The body language is all affect but the words come from the actual autobiographies of these famed youth who have barely lived or done enough to merit a complete sentence, but that's the conceit of Celebrity Autobiography, the hilarious brainchild of playwright and actor Eugene Pack. "We could not make this stuff up," Pack said of an evening at Guild Hall on Friday night that also included the wisdom of Diana Ross (Dayle Reyfel), David Hasselhoff (Jerry O'Connell), Ricky Martin (Pack), and poetry by Suzanne Somers (Brinkley), to mention a few whose words spoken make for unintentional comedy.

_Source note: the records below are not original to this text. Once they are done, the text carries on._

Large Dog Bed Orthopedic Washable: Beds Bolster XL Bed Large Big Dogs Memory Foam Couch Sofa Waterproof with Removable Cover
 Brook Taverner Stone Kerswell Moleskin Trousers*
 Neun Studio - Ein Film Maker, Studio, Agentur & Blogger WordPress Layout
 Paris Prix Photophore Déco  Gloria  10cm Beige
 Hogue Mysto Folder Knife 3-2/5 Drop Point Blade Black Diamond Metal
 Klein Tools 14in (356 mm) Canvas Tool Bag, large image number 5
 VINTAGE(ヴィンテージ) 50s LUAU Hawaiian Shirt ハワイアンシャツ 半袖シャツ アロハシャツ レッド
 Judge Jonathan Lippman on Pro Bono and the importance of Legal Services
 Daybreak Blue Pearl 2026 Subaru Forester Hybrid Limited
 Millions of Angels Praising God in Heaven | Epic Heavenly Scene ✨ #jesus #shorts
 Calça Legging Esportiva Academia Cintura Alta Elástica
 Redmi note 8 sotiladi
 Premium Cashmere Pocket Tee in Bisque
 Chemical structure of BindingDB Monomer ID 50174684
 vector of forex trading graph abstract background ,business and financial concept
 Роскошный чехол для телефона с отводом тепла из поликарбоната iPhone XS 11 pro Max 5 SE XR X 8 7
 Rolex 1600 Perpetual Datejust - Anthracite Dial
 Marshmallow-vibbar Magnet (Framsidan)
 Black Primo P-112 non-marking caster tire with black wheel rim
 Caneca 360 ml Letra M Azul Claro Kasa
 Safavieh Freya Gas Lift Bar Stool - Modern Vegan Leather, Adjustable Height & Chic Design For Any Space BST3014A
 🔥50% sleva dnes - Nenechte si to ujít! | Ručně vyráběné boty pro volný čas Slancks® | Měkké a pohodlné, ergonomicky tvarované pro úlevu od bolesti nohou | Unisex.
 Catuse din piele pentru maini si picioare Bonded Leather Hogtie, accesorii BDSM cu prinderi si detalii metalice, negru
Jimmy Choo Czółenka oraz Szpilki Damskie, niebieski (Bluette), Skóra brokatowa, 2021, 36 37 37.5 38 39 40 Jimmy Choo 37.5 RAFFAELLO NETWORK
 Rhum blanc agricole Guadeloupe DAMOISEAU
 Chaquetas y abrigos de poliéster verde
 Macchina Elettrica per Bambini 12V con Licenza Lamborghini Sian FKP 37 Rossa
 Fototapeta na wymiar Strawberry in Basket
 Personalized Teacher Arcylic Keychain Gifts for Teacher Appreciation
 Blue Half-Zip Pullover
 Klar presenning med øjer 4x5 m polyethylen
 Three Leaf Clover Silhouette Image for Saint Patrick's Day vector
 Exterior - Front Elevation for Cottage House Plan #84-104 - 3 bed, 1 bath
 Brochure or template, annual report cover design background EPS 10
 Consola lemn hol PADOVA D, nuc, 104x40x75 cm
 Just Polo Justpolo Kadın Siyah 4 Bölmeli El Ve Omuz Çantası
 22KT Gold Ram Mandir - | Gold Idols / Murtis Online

The high point of this entertainment was a skit concocted of snippets from tell-alls by Debbie Reynolds (Dayle Reyfel) and Elizabeth Taylor (Ileanna Douglas) on the scandalous marriage of Eddie Fisher to each. Fisher (Pack) comes off as prime loser in a Rashomon of adultery and betrayal that also features Richard Burton (Scott Adsit) with a rasping cackle, guilty of some marital transgressions of his own.

Last weekend, Bob Balaban directed a staged reading of Eugene Pack's new play Columbus and Amsterdam, about two couples on the trendy Upper West Side and a woman they'd known in the past, now back from a failed marriage in Los Angeles. Edie Falco, Chris Bauer, Dayle Reyfel, Scott Adsit, and Kyra Sedgwick starred. Citarella, a presence in both East Hampton and that Manhattan neighborhood, and evoked several times in Pack's clever script, provided a fine reception in Guild Hall's garden following the performance.

Nearby at Mulford Farm, Charles Ludlam's 1983 breakout masterpiece The Mystery of Irma Vep: A Penny Dreadful is currently revived with tour de force performances by Trevor Vaughn and Isaac Klein, playing a total of seven characters in a camp mash-up of Daphne DuMaurier meets the Werewolf, Vampire, and Mummy. Director Kate Mueth, sensitive to the satire of this piece from the founder of the Theater of the Ridiculous, stays close to Ludlum's original staging from his small theater at One Sheridan Square, now in a barn with a fine set by Brian Leaver and lighting by Sebastian Paczynski. Ludlum died in 1987, an early AIDS epidemic casualty, and no one has yet replaced his peculiar, erudite and silly genius.